Too Many Relevants: Whither Cranfield Test Collections?
- Ellen Voorhees ,
- Nick Craswell ,
- Jimmy Lin
SIGIR 2022 |
This paper presents the lessons regarding the construction and use of large Cranfield-style test collections learned from the TREC 2021 Deep Learning track. The corpus used in the 2021 edition of the track was much bigger than the corpus used previously and it contains many more relevant documents. The process used to select documents to judge that had been used in earlier years of the track failed to produce a reliable collection because most topics have too many relevant documents. Judgment budgets were exceeded before an adequate sample of the relevant set could be found, so there are likely many unknown relevant documents in the unjudged portion of the corpus.

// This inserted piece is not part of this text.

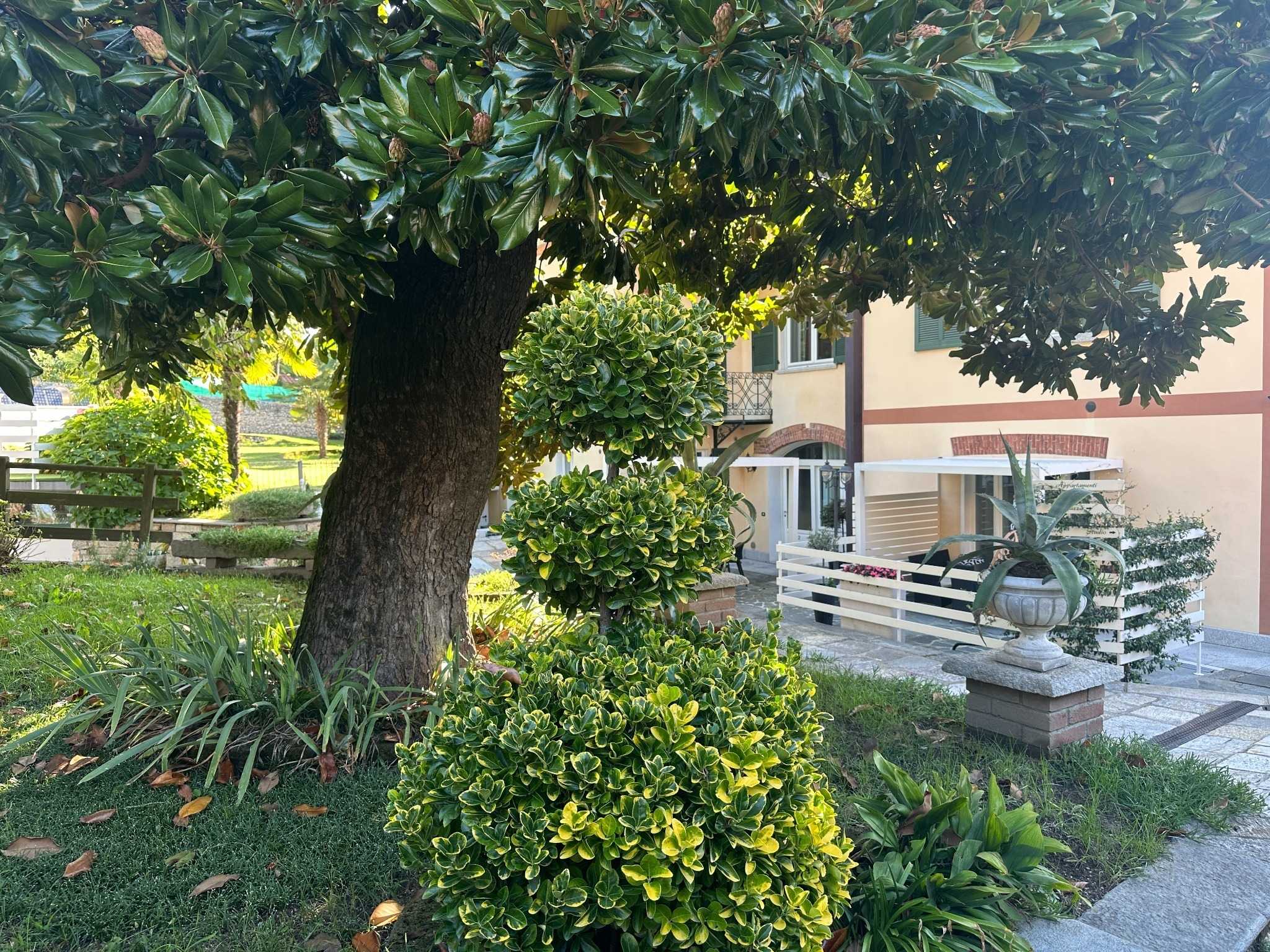  - foto 17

As a result, the collection is not reusable, and furthermore, recall-based measures are unreliable even for the retrieval systems that were used to build the collection. Yet, early-precision measures cannot distinguish among system results because the maximum score is easily obtained for many topics. And since the existing tools for appraising the quality of test collections depend on systems’ scores, they also fail when there are too many relevant documents. Collection builders will need new strategies and tools for building reliable test collections for continued use of the Cranfield paradigm on ever-larger corpora. Ensuring that the definition of ‘relevant’ truly reflects the desired systems’ rankings is a provisional strategy for continued collection building.